Top Ten Tuesday is a weekly meme for the list lovers among book bloggers, created and hosted at The Broke and the Bookish. Today the theme is “Top Ten Top Ten Favorite Quotes from Books”. Oh, how to choose? There are so many… Let’s see:
One in keeping with the theme of this blog:
How do you lose a word? Does it vanish into your memory, like an old toy in a cupboard, and lie hidden in the cobwebs and dust, waiting to be cleaned out or rediscovered?
― Amitav Ghosh, The Hungry Tide
One for my “other” theme:
The original is unfaithful to the translation.
― Jorge Luis Borges
One more by Borges, to complete the description of this blog in 3 quotes:
I have always imagined that Paradise will be a kind of library.
― Jorge Luis Borges
One because it fits our recent discussion on fairy tales:
Fairy tales are more than true; not because they tell us that dragons exist, but because they tell us that dragons can be beaten.
― G.K. Chesterton
One for my eyes:
All grown-ups were once children… but only few of them remember it.
― Antoine de Saint-Exupéry, The Little Prince
One for books:
Every book, every volume [...] has a soul. The soul of the person who wrote it and of those who read it and lived and dreamed with it. Every time a book changes hands, every time someone runs his eyes down its pages, its spirit grows and strengthens.
― Carlos Ruiz Zafón, The Shadow of the Wind
Which in turn results in this:
Isn’t it odd how much fatter a book gets when you’ve read it several times? [...] As if something were left between the pages every time you read it. Feelings, thoughts, sounds, smells…and then, when you look at the book again many years later, you find yourself there, too, a slightly younger self, slightly different, as if the book had preserved you like a pressed flower…both strange and familiar.

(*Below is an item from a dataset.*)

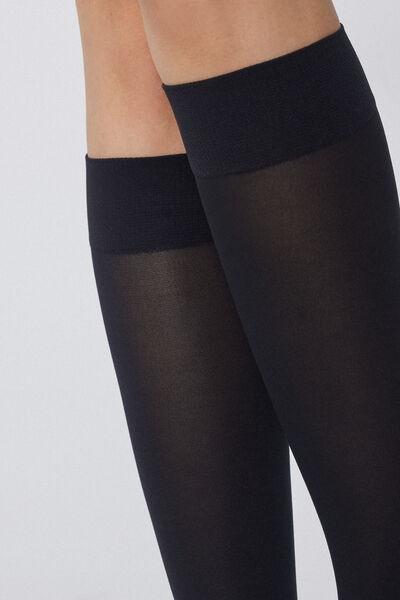 Black 2 X 50 Den Microfibre Knee-Highs, Black, large image number 2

― Cornelia Funke, Inkspell
One to represent the perfect opening lines of a story:
When Mr. Bilbo Baggins of Bag End announced that he would shortly be celebrating his eleventy-first birthday with a party of special magnificence, there was much talk and excitement in Hobbiton.
― John R.R. Tolkien, The Lord of the Rings
Or maybe the perfect opening is this:
It was a nice day.
All the days had been nice. There had been rather more than seven of them so far, and rain hadn’t been invented yet. But clouds massing east of Eden suggested that the first thunderstorm was on its way, and it was going to be a big one.
― Neil Gaiman and Terry Pratchett, Good Omens
And the perfect ending?
I think we ought to live happily ever after.